Decidieron irse en alzada nada menos que al Padre Sant, y don Alonso de Albornoz, hombre audaz y solerte, partió para Roma secretamente. Tal, por lo menos se figuraron; pero bien comidos y calentones, quién más, quién menos, subióse a quebrar púlpitos, y no debió brillar en el cónclave de la prudencia, que es, según San Bernardo, abadesa de las virtudes. El caso es que Cisneros, lo supo y acudió prestamente con el remedio: una orden de los Monarcas para detener al viajero. No fue posible; había salido ya del puerto de Valencia. Tras él partió a vela y remo una galer real; le ganó el barlovento, llegando a tiempo para prevenir al embajador Garci-Lasso de la Vega. Y cuando Albornoz desembarcó en Ostia, topóse con su excelencia, que le convidó a cenar. Terminado el ágape, le dijo, con mucha cortesanía, tenía orden de volverle a España por las buenas o por las malas. Ante tal manera de razonar, que en griego se llama dilema y en latín “argumentum cornutum”, por lo mucho que aprieta al adversario, el canónigo bajo la cresta: Garci-Lasso era hombre para todo; urdía tramoyas diplomáticas y asaltaba castillos con mejor ventura que su hijo el poeta.

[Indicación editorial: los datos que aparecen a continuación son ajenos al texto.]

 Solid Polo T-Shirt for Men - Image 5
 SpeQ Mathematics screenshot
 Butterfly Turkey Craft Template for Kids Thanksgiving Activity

Vínose, pues, para Toledo, bien acompañado, y le costó la escapatoria, amén de una filípica cisneriana, dieciocho meses entre prisiones y destierros.
El Cabildo cogió miedo, comprendiendo que con el nuevo Arzobispo no valía burlar, pues tenía pesadas burlas; pero Fray Francisco pensó para sus adentros no era bueno extremar rigores, y no llevó adelante lo de la vida en comunidad –Fray Hernando de Talavera la había impuesto a los cien canónigos y racioneros de Granada-, pues el que manda ha de saber, como buen piloto, trocar las velas con los tiempos. La obra de claustro –unida a las casas de los arzobispales por una cavalcavía– sirvió para alojar a los Reyes cuando éstos iban a Toledo.
LUYS SANTA MARÍA. “CISNEROS”. COLECCIÓN AUSTRAL. ESPASA CALPE ARGENTINA, S. A. BUENOS AIRES-MÉXICO. 1940.